BRYN MAWR, Pa. - For the conclusion of Women's History Month, The Bryn Mawr Athletics Department would like to highlight one of the most influential women in the department's history, Constance M.K. Applebee. Throughout her life, Applebee was a Bryn Mawr athletic director, coach, founder of the United States Field Hockey Association, female sports activist, International Women's Sports Hall of Fame inductee, and author. She was born by the name Katherine Mary on June 4, 1873, in Chigwell, Essex, England. While in her home country, she learned and taught the game of field hockey before coming to the United States to pursue an education in athletics and spread the sport worldwide.

In the United States, she embarked on a tour of the women's colleges in the Northeast to share the sport of field hockey. During her tour, Applebee visited Bryn Mawr College, where she would soon spend the next 25 years of her career, beginning in 1904. At Bryn Mawr, Applebee served as director of outdoor sports and was later asked to take over the physical education department. Prior to Applebee, athletics and team sports were separate from physical education and were controlled entirely by the students who did not understand the formal rules of the games.
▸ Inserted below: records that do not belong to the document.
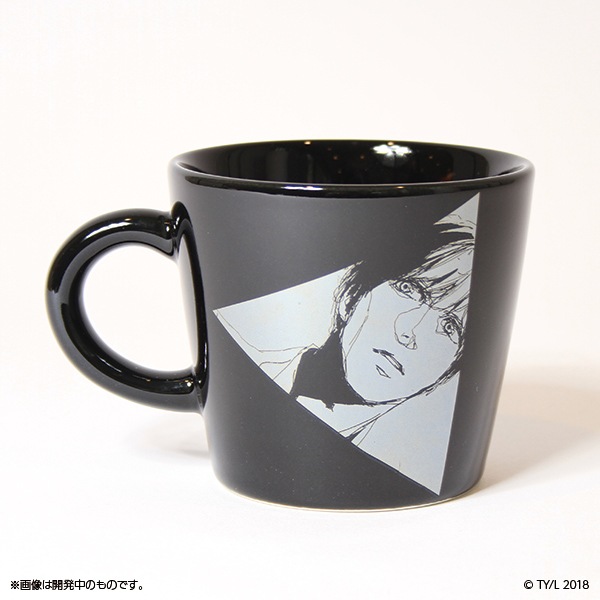 ���󤫤���γ�¦���� �ޥ����åס����佪λ��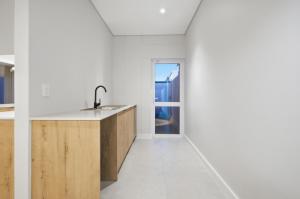 Cape Signature Villa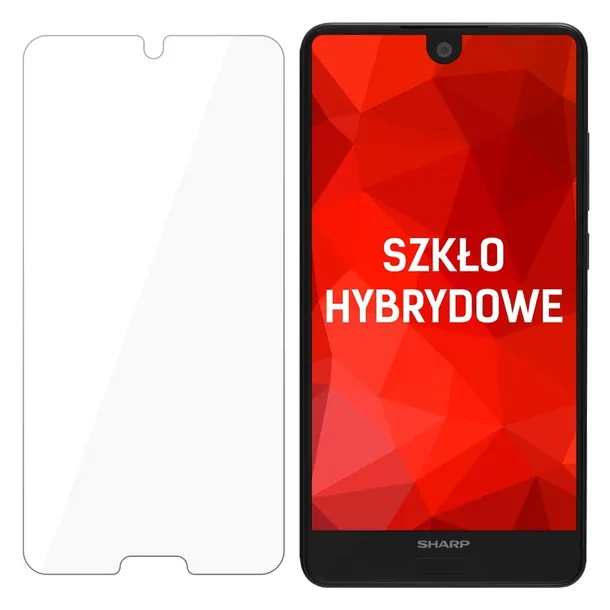3mk-flexibleglass-special-edition-do-sharp-aquos-c10-przeznaczenie-wyswietlacz-telefonu
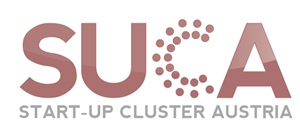 Diseño de Logo por Vibrix Media para este proyecto | Diseño: #5615239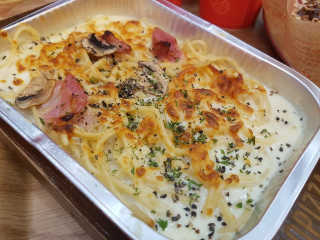 Jinnnnn님이 올린 리뷰 사진 3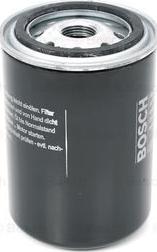 BOSCH F 026 402 860 - Filtro carburante autozon.pro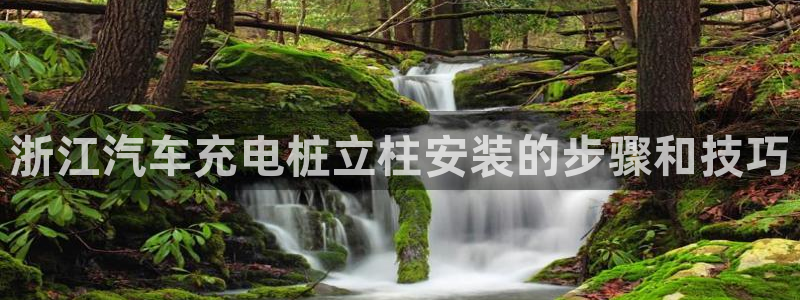 威廉希尔足球官网 百科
Applebee taught the students sportsmanship as well as the standardized rules to increase participation and advance gameplay.

She was said to believe that women's participation in sports contributed to their empowerment. In the Bryn Mawr Alumnae Bulletin from the summer of 1977, she is quoted as saying, "You want all these students to go out and do something in the world, to get the vote. What's the good of their having the vote if they're too ill to use it?" Applebee believed that every person should have the opportunity to participate in sports. With this philosophy, she went on to organize 50 teams to play interclass competitive basketball, and introduced field hockey, lacrosse, water polo, track, tennis, swimming, fencing, archery, and badminton to Bryn Mawr College. 

Applebee's activities on campus were not limited to athletics. She contributed to various aspects of May Day planning including costume design, supervising plays, training in traditional dances, and serving as festival director. Just three years after her joining the department, Applebee was said to convince the College's president to start a formal health department offering regular doctor's examinations and monitoring. In 1915, she assisted a group of students in their desire to create The College News where she served as faculty advisor for five years until the publication was firmly established. As demonstrated through her many instances of involvement throughout campus, Applebee was a constant and familiar face to students, athletes, and faculty and was affectionately referred to as "Apple".

Applebee was well known, respected, and admired around the world, and she was recognized as one of the most prominent female figures to introduce and promote the sport of women's field hockey in the United States. In 1922, she helped found the United States Field Hockey Association. Additionally, she was an editor and publisher of a magazine for women athletes, Sportswoman, for ten years. The U.S. Women's Lacrosse Association was established at Applebee's field hockey camp in the summer of 1931, demonstrating her involvement in the development of lacrosse as a women's activity in the United States. In 1991, Applebee was inducted into the International Women's Sports Hall of Fame because of her influence in the history of athletics. She did not retire until the age of 94, and she lived to 107.

Still to this day, Applebee has had a lasting impact on Bryn Mawr College. The Applebee field, named after her, are where soccer, field hockey, and lacrosse play in honor of the woman who made their existence at the College possible. The College Library also holds a catalogue of her personal belongings within their archives. The Bryn Mawr College Athletics Department are forever grateful for the tireless work and efforts of Constance M.K. Applebee and her legacy on women's sports.